Article of Interest...
Every once in a while I find an article that I really enjoy--this is one of those. I not only enjoy the content, but also the people they quoted: my former "employer" (it was an internship) former Speaker Newt Gingrich, and Grover Norquist--who I met at one of his meetings ("Grover's Corner"--where top conservatives get together and give inside information on various things...it was awesome!).
Anyway, it's long, but worth the read!
Electoral Affirmation of Shared Values Provides Bush a Majority
By TODD S. PURDUM
New York Times
11/04/04
It was not a landslide, or a re-alignment, or even a seismic shock. But it was decisive, and it is impossible to read President Bush's re-election with larger Republican majorities in both houses of Congress as anything other than the clearest confirmation yet that this is a center-right country - divided yes, but with an undisputed majority united behind his leadership.
Surveys of voters leaving the polls found that a majority believed the national economy was not so good, that tax cuts had done nothing to help it and that the war in Iraq had jeopardized national security. But fully one-fifth of voters said they cared most about "moral values" - as many as cared about terrorism and the economy - and 8 in 10 of them chose Mr. Bush.
In other words, while Mr. Bush remains a polarizing figure on both coasts and in big cities, he has proved himself a galvanizing one in the broad geographic and political center of the country. He increased his share of the vote among women, Hispanics, older voters and even city dwellers significantly from 2000, made slight gains among Catholics and Jews and turned what was then a 500,000-popular-vote defeat into a 3.6 million-popular-vote victory on Tuesday.
The president's chief strategist, Matthew Dowd, released a memorandum yesterday noting that Mr. Bush had become the first incumbent Republican president to win a presidential race with majorities in the House and Senate since Calvin Coolidge in 1924, and the first president of either party since Franklin D. Roosevelt in 1936 to be re-elected while gaining seats in both houses.

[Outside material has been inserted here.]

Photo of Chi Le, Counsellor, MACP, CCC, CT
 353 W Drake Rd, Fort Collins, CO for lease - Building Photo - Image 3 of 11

"I think that there's a great deal of evidence that the American people support this president," said Ralph Reed, the former Christian Coalition leader who was Southeast regional coordinator of the Bush campaign this year. "There is a wide swath of voters, not just in the South but in the heartland of the country, that no longer feels that the Democratic Party speaks for them or their values, and that is a serious impediment to the Democrats in a campaign like we have just been through."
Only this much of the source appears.